Exercise aim:
Please write out every line of the material, leaving out any picture.

Data shown:

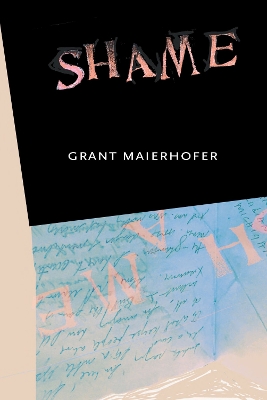 Book cover for Shame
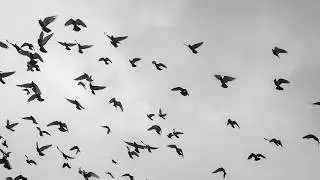 Bendiciones - Hermano David Steindl-Rast
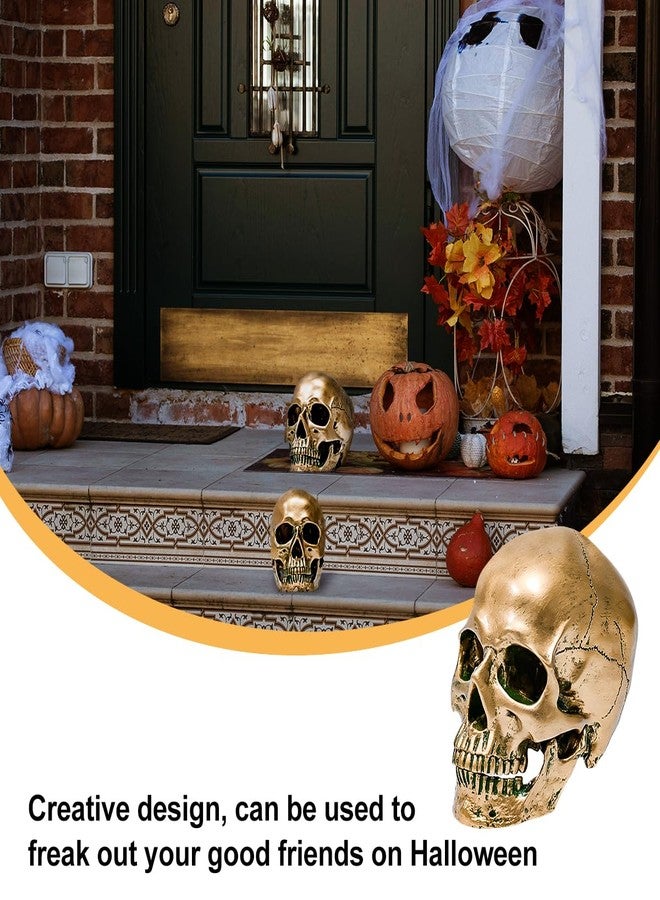 ECYC 1:1 Resin Human Skull Model Halloween Props Home Decorations High Fidelity Skull Head Sculpture Life Size, Bronze - Image 4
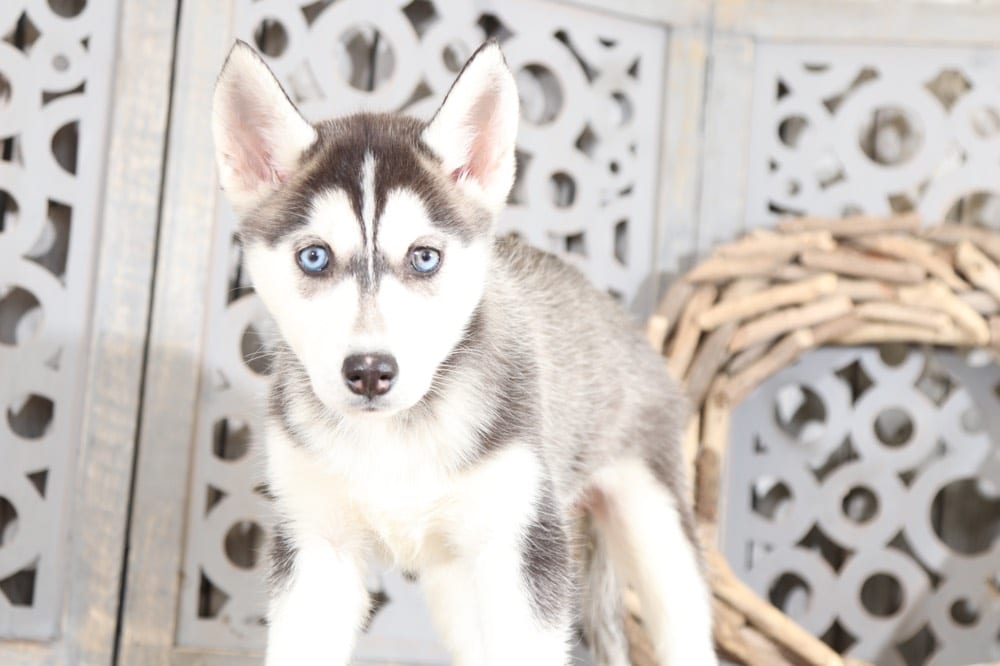 Dottie - Spunky Husky - Image 3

Problem solution:
 Book cover for Shame
 Bendiciones - Hermano David Steindl-Rast
 ECYC 1:1 Resin Human Skull Model Halloween Props Home Decorations High Fidelity Skull Head Sculpture Life Size, Bronze - Image 4
 Dottie - Spunky Husky - Image 3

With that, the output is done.